Jacob Adamczyk (JA): To begin, can you summarize the exciting and innovative research happening in the Department of Physics?
Rahul Kulkarni (RK): The Department of Physics at UMass Boston currently has two broad areas of research focus: biological physics and quantum science and technology. The application of fundamental concepts and results from statistical physics informs our research in both these areas. A field of research that we are currently looking into is the application of statistical physics to a new frontier: artificial intelligence (AI) research. Some of the new ideas in this field are being developed in our department, which is particularly exciting as we have a unique opportunity to forge new directions in current AI research.
JA: How did the connection with AI research develop within the Department of Physics?
RK: Typically, such a connection emerges from AI being used as a tool to study scientific datasets and classification problems in physics. However, we also saw the potential to follow a road less traveled: using physics insights to lead to new developments in AI research. More specifically, we saw reinforcement learning (RL) as a point for application of our ideas from studying nonequilibrium statistical physics. A surprising discovery we have made in this context is that diverse optimization problems in RL research can be mapped on to the physics of rare events.

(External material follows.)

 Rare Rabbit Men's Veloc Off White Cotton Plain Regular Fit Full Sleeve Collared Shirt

JA: What is the physics of rare events, and what does it have to do with AI research?
RK: In RL, the goal is to learn how to optimize long-term rewards in problems involving sequential decision-making. If the agent employs an uninformed or random strategy for decision-making, high rewards will be obtained only very rarely. Take for example the game of chess, where a reward is obtained only at the end of a game for a win. Winning a game of chess by adopting a random strategy would clearly be a rare event against any reasonable opponent. The goal of reinforcement learning is to effectively discover policies that access such rare events. It turns out that in nonequilibrium statistical physics, approaches have been developed to characterize the “least unlikely of all unlikely ways” for such rare events to occur. Remarkably, these approaches also lead to optimal decision-making policies in reinforcement learning.
JA: What are the insights and successes that have emerged from this connection between AI and physics?

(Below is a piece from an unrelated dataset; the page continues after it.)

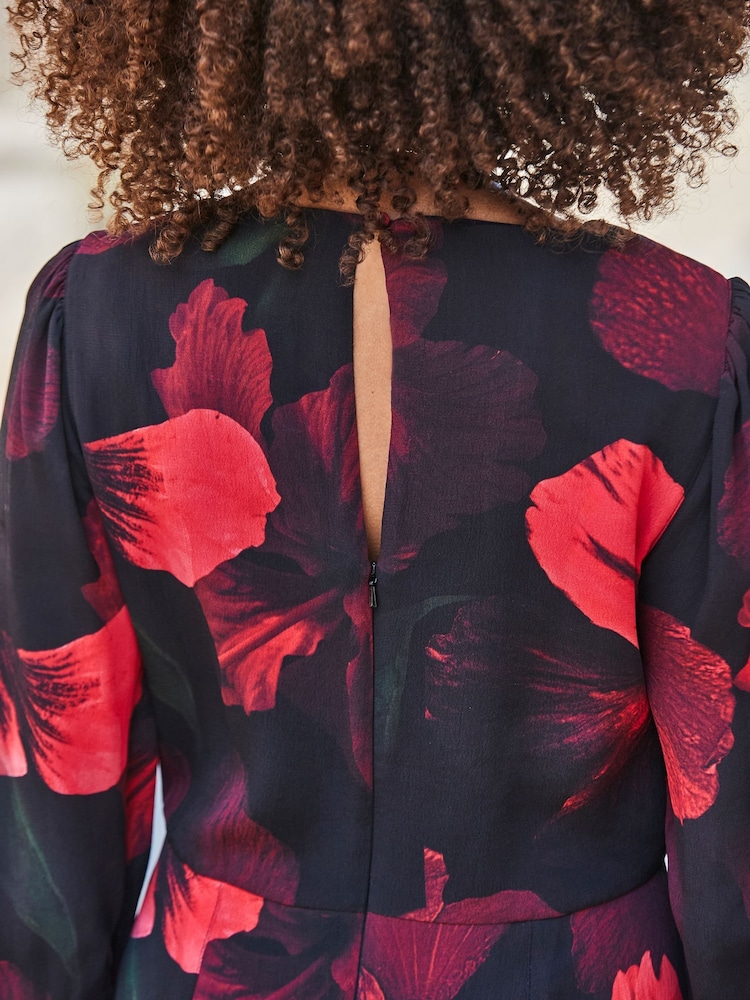 Sosandar Black Floral Print Ruched Detail Fit & Flare Dress - Image 5 of 5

RK: We have used this bridge between nonequilibrium physics and AI research to develop new algorithms and theory for RL. Although we are still in the initial stages, we have solved some theoretical open problems in RL research and developed new algorithms for the field. There is still much more to explore, though. The exciting prospect is that these theoretical connections have the potential to speed up RL, making the algorithms more applicable to real-world scenarios.
Beyond theoretical and algorithmic advances, this connection also can provide a new understanding or intuition for AI algorithms from a physics perspective. At a more fundamental level, having a bridge between two previously unconnected disciplines means that deep insights, concepts, and approaches from one discipline can be potentially used to address currently challenging problems in the other discipline. For example, fundamental results from nonequilibrium statistical physics can now be used to derive new relationships between quantities of interest in AI research. On the flip side, novel approaches from AI research can now be used to address challenging problems of current interest such as quantum control and quantum circuit optimization.
JA: Both AI and quantum are seen as drivers of the next "Industrial Revolution." What unique contributions does the physics department bring to the table?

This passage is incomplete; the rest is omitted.